TO DO. Without reproducing any picture, copy the records word for word.
□ □ □ □ □
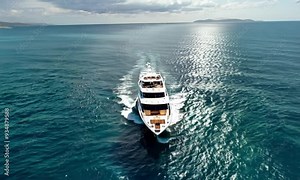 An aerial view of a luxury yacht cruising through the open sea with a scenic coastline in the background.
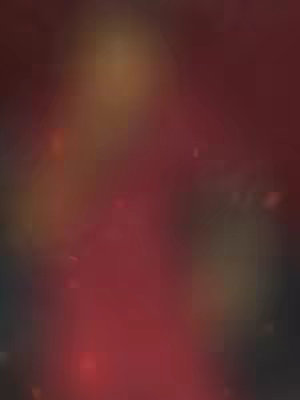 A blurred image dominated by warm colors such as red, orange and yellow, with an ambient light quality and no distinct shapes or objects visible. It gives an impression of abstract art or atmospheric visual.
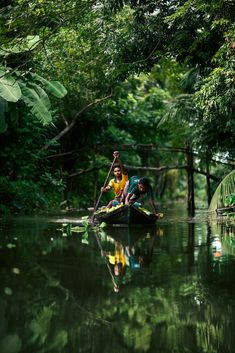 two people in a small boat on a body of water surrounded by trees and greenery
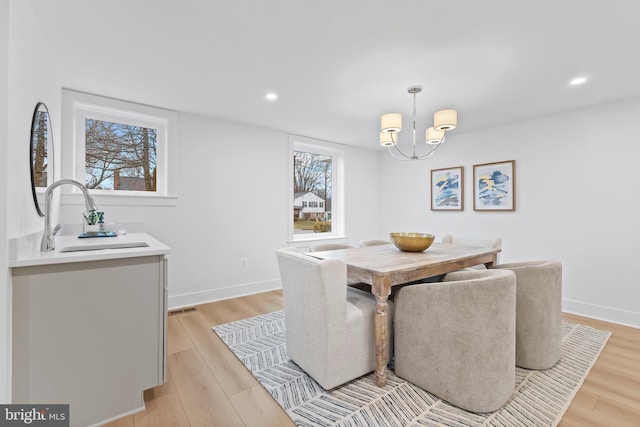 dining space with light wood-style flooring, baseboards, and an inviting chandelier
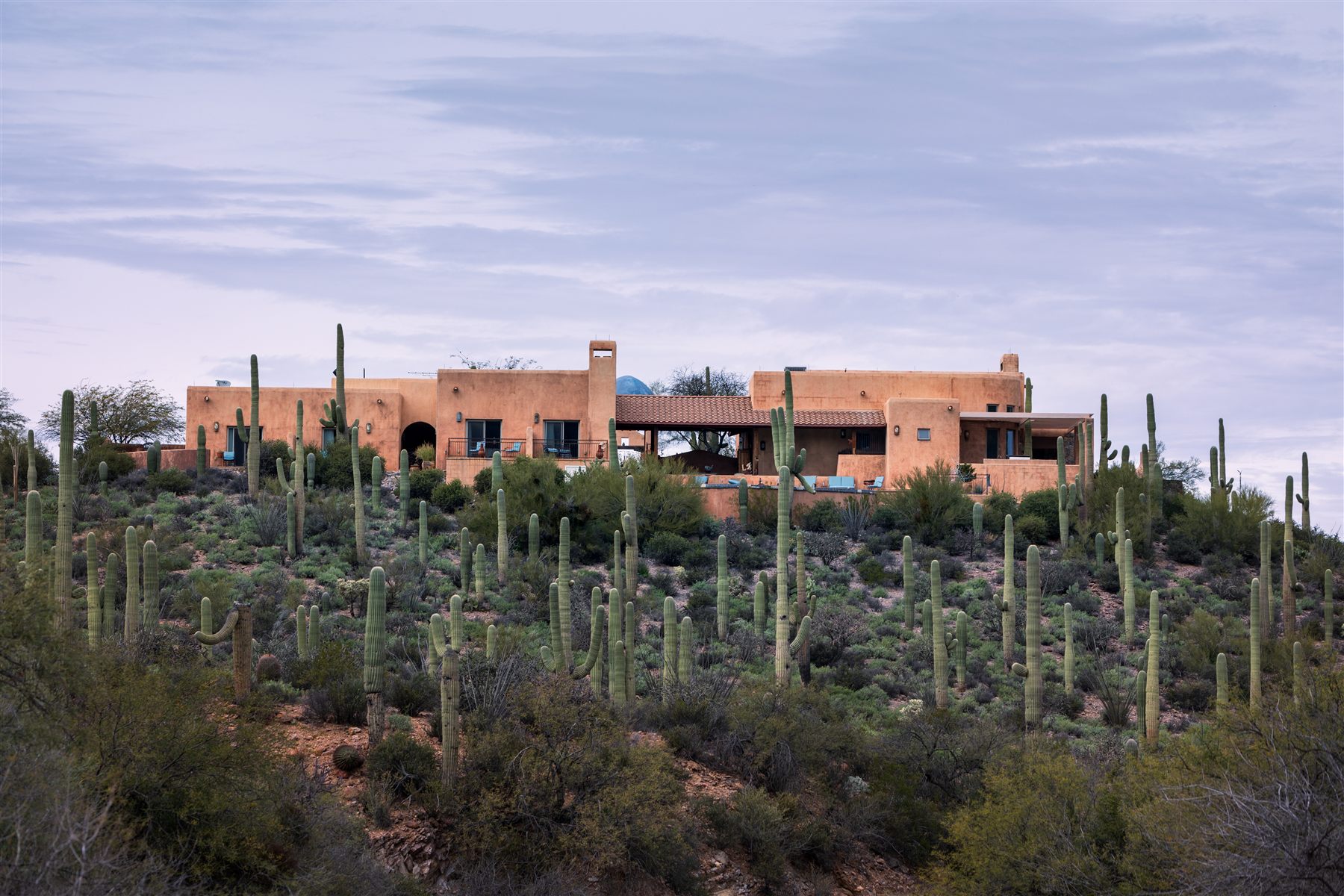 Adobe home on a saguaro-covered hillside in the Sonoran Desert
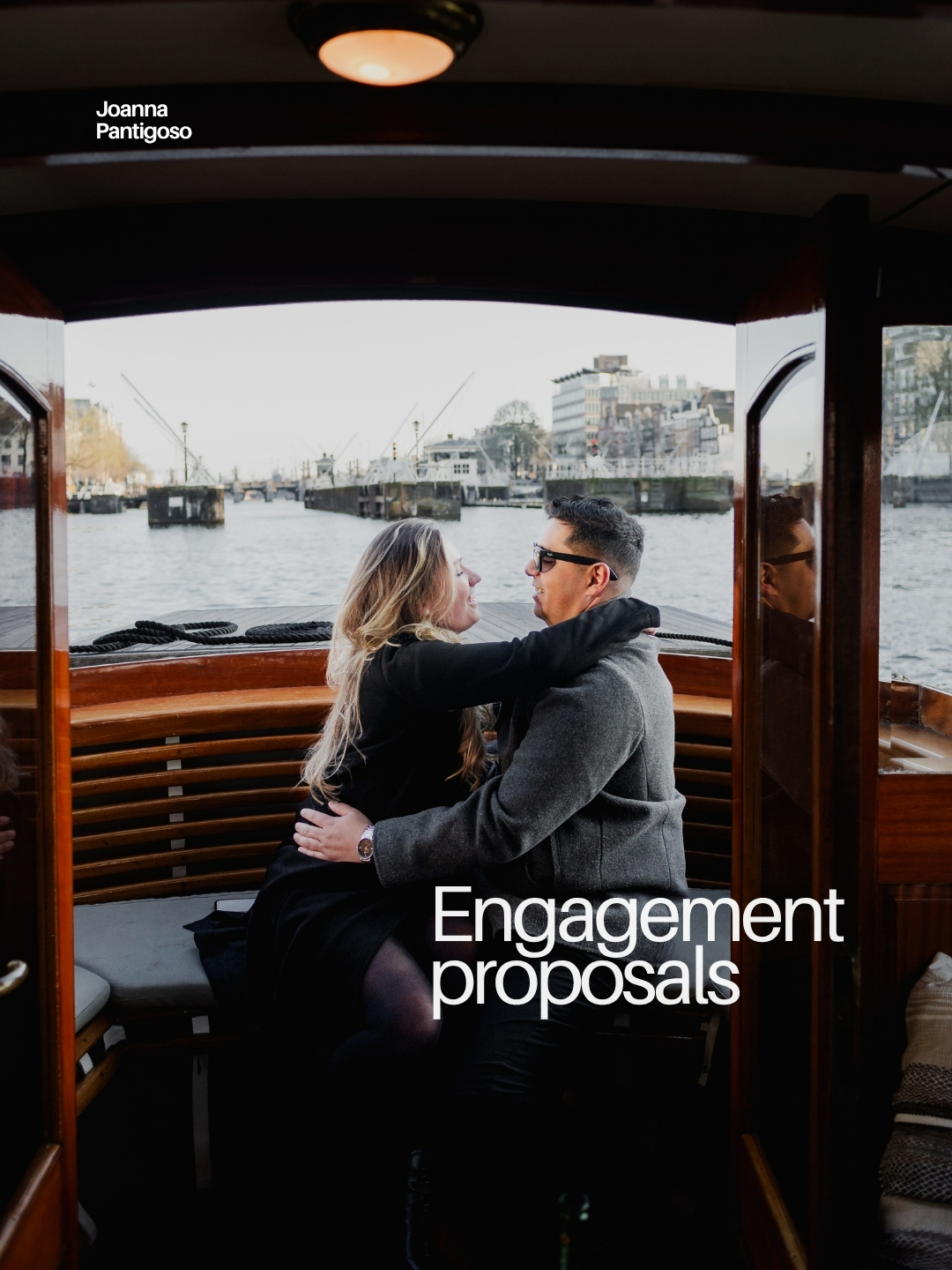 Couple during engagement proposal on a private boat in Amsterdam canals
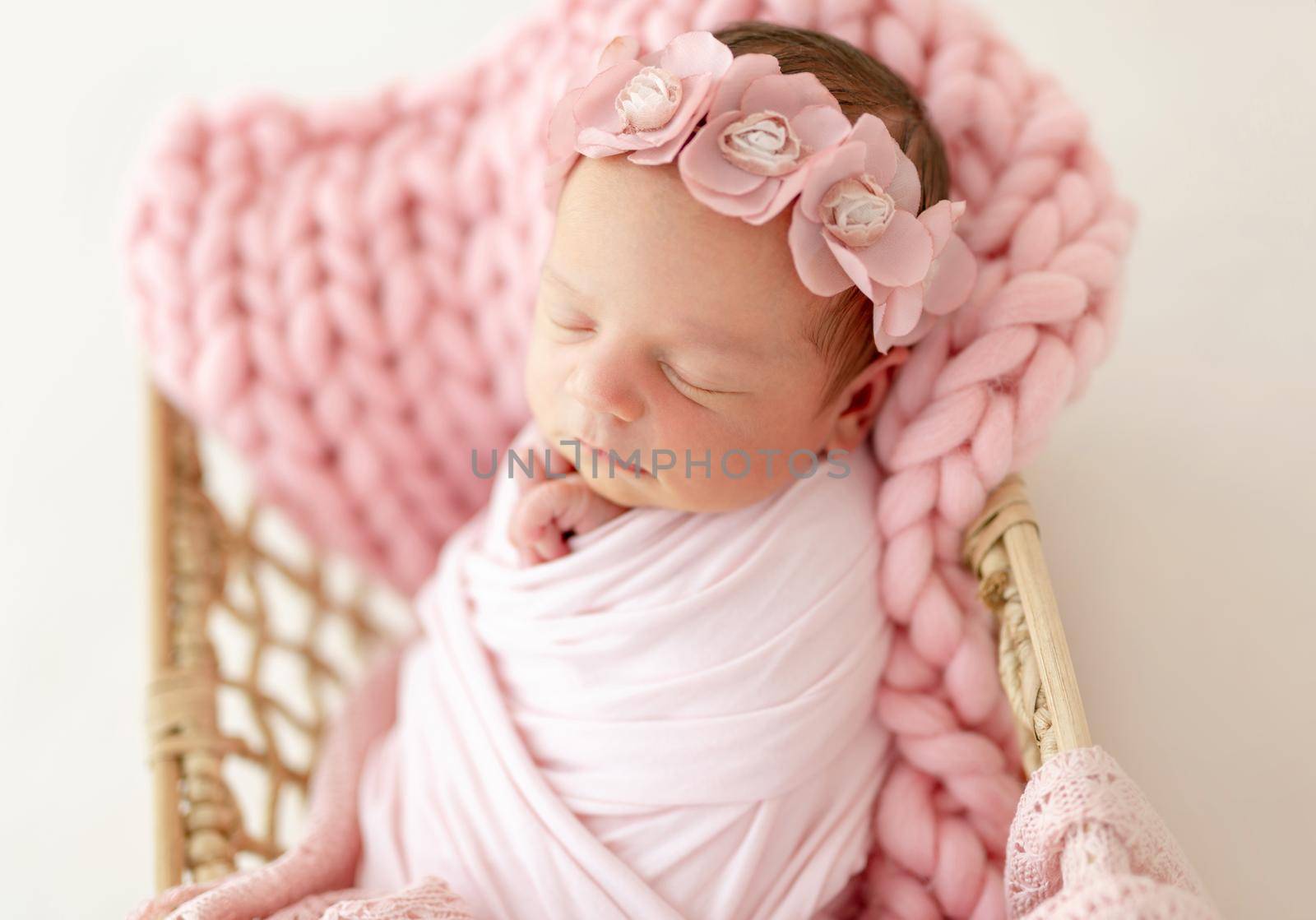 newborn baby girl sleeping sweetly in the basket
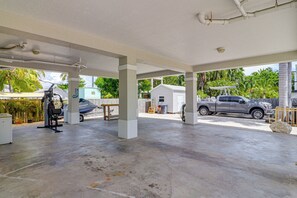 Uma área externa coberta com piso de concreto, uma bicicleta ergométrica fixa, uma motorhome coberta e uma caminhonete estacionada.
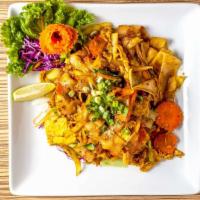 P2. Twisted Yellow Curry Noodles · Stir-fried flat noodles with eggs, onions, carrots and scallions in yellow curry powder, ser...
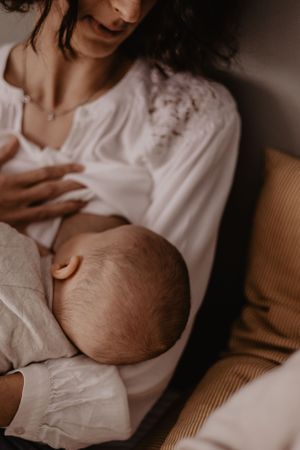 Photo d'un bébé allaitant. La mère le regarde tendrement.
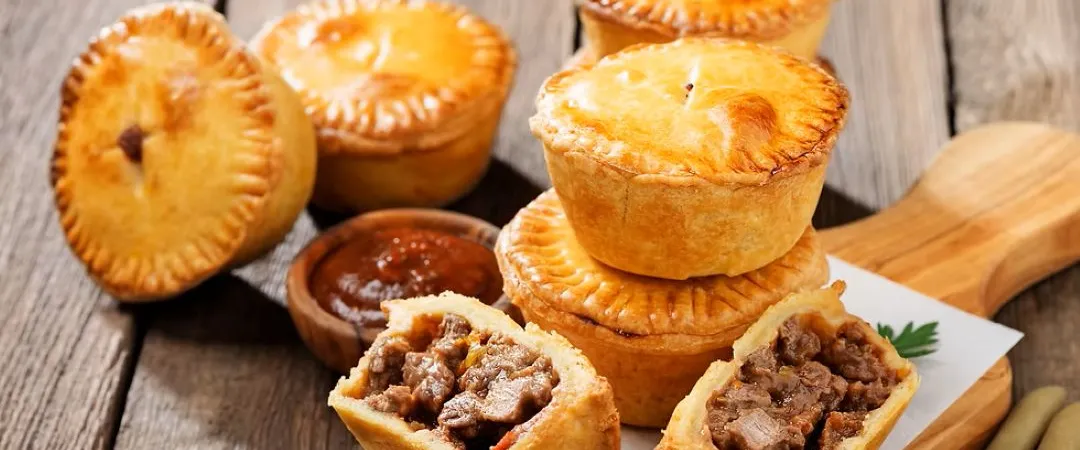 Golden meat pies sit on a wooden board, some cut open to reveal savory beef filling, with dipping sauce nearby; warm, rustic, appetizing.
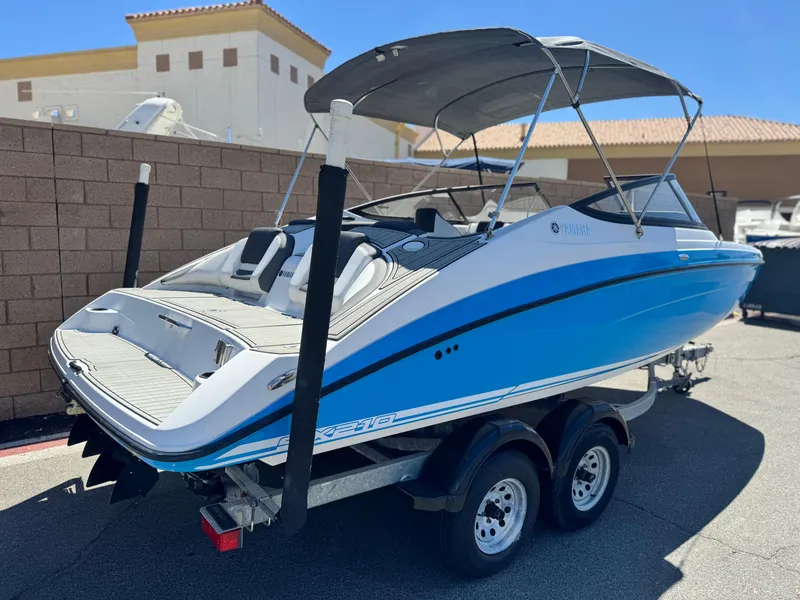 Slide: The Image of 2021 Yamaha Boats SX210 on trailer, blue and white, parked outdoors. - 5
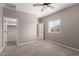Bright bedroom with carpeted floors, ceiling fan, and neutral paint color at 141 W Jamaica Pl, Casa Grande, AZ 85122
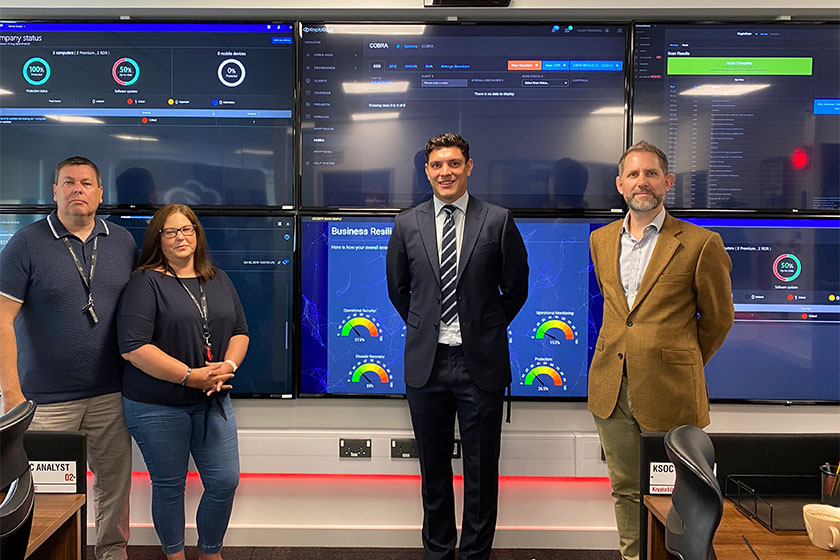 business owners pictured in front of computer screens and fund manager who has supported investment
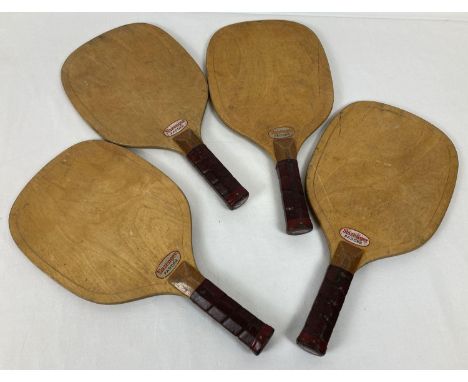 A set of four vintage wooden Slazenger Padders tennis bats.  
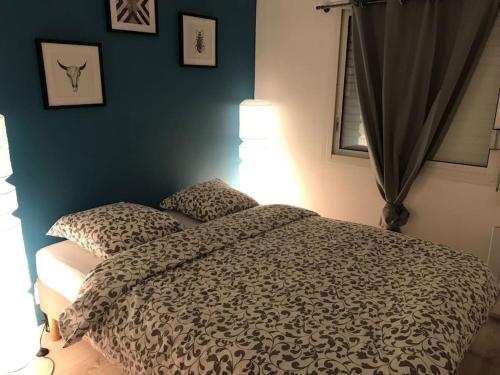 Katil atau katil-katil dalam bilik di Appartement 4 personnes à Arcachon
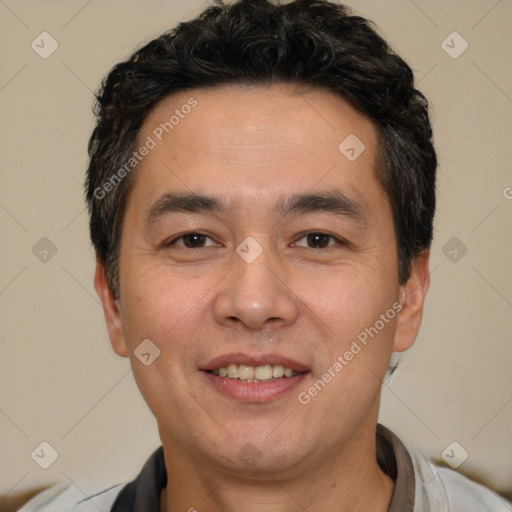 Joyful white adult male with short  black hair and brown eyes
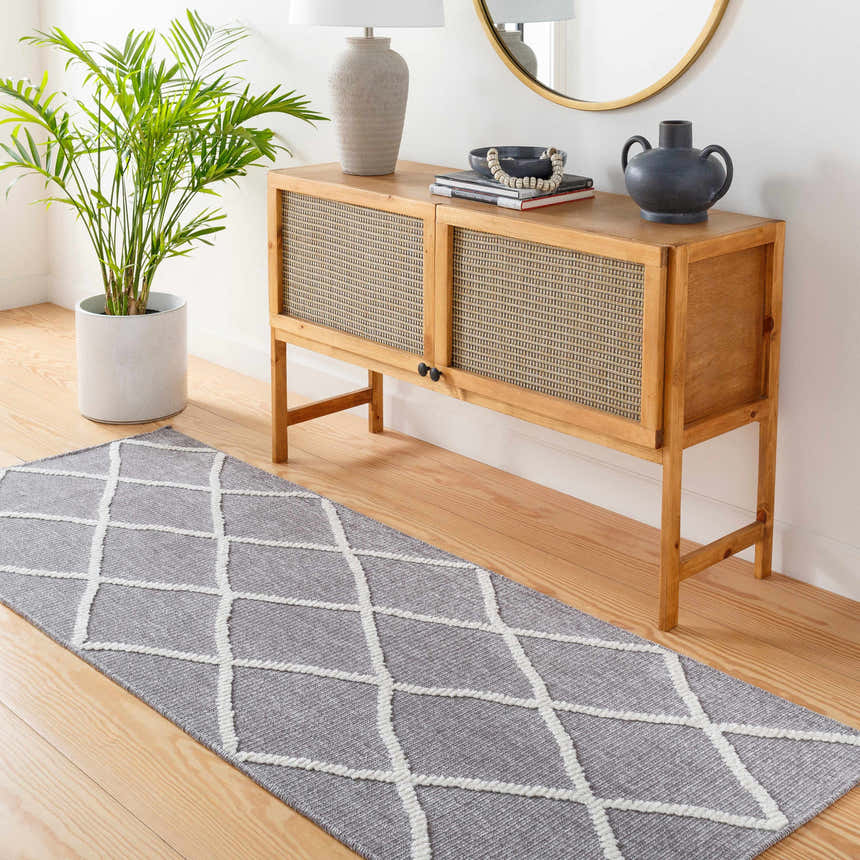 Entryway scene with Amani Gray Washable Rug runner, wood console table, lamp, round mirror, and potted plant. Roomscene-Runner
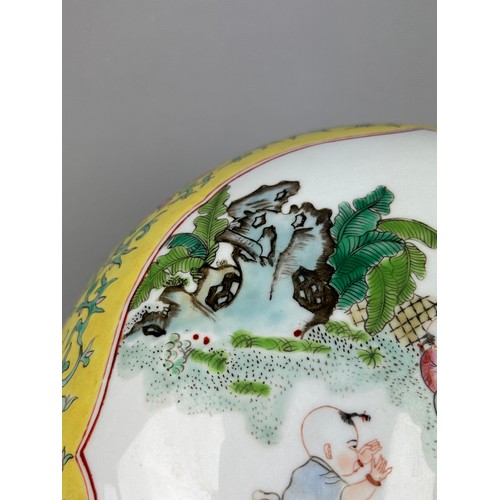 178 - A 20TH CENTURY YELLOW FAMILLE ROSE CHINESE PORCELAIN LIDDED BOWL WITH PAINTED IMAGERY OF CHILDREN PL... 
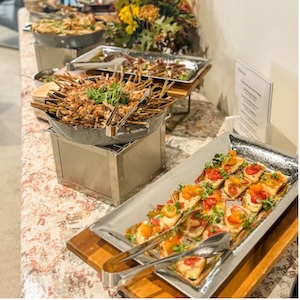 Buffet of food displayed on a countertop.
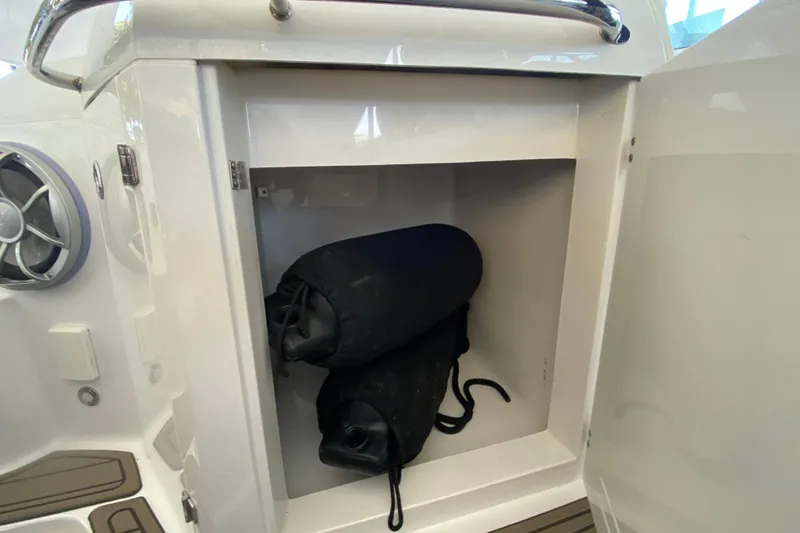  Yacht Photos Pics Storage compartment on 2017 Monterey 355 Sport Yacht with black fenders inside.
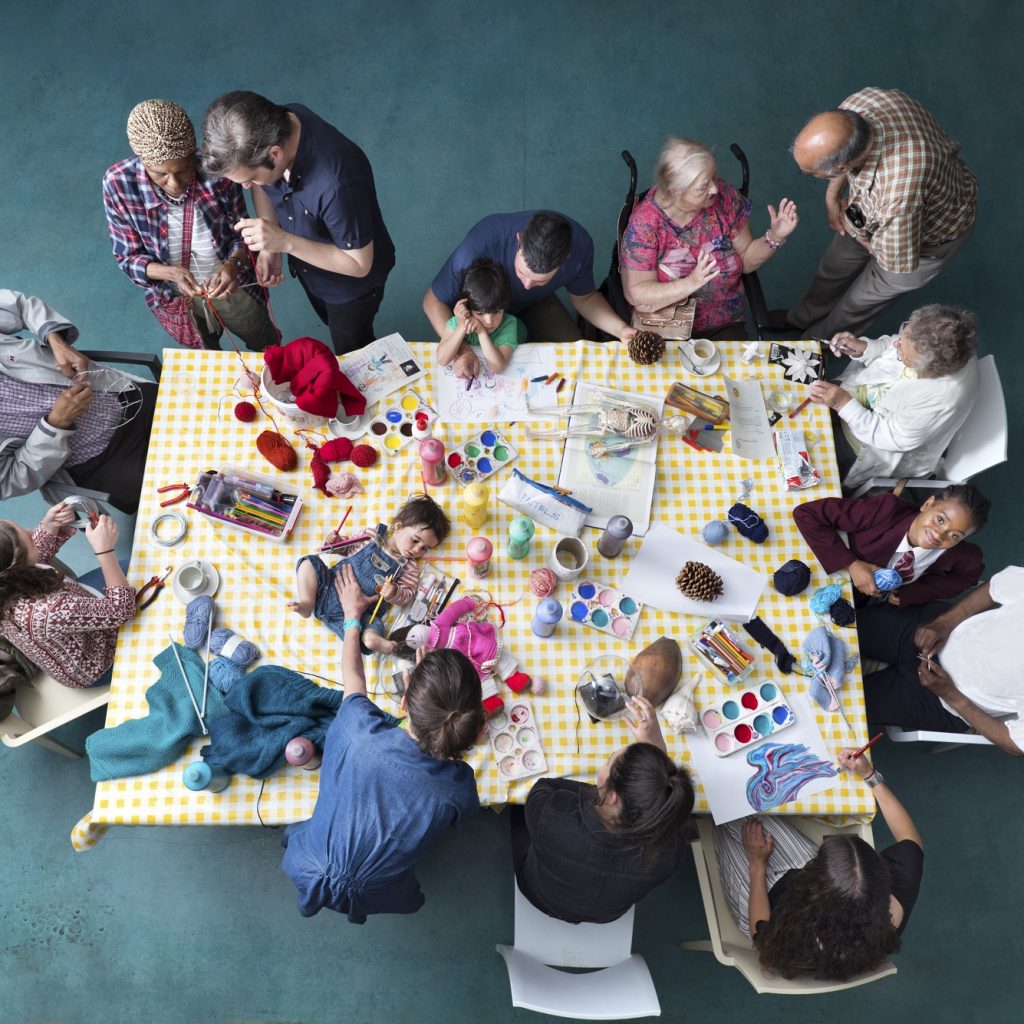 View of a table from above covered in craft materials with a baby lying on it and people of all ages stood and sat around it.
□ □ □ □ □
OUTPUT BELOW.
 An aerial view of a luxury yacht cruising through the open sea with a scenic coastline in the background.
 A blurred image dominated by warm colors such as red, orange and yellow, with an ambient light quality and no distinct shapes or objects visible. It gives an impression of abstract art or atmospheric visual.
 two people in a small boat on a body of water surrounded by trees and greenery
 dining space with light wood-style flooring, baseboards, and an inviting chandelier
 Adobe home on a saguaro-covered hillside in the Sonoran Desert
 Couple during engagement proposal on a private boat in Amsterdam canals
 newborn baby girl sleeping sweetly in the basket
 Uma área externa coberta com piso de concreto, uma bicicleta ergométrica fixa, uma motorhome coberta e uma caminhonete estacionada.
 P2. Twisted Yellow Curry Noodles · Stir-fried flat noodles with eggs, onions, carrots and scallions in yellow curry powder, ser...
 Photo d'un bébé allaitant. La mère le regarde tendrement.
 Golden meat pies sit on a wooden board, some cut open to reveal savory beef filling, with dipping sauce nearby; warm, rustic, appetizing.
 Slide: The Image of 2021 Yamaha Boats SX210 on trailer, blue and white, parked outdoors. - 5
Bright bedroom with carpeted floors, ceiling fan, and neutral paint color at 141 W Jamaica Pl, Casa Grande, AZ 85122
 business owners pictured in front of computer screens and fund manager who has supported investment
 A set of four vintage wooden Slazenger Padders tennis bats.  
 Katil atau katil-katil dalam bilik di Appartement 4 personnes à Arcachon
 Joyful white adult male with short  black hair and brown eyes
 Entryway scene with Amani Gray Washable Rug runner, wood console table, lamp, round mirror, and potted plant. Roomscene-Runner
 178 - A 20TH CENTURY YELLOW FAMILLE ROSE CHINESE PORCELAIN LIDDED BOWL WITH PAINTED IMAGERY OF CHILDREN PL... 
 Buffet of food displayed on a countertop.
  Yacht Photos Pics Storage compartment on 2017 Monterey 355 Sport Yacht with black fenders inside.
 View of a table from above covered in craft materials with a baby lying on it and people of all ages stood and sat around it.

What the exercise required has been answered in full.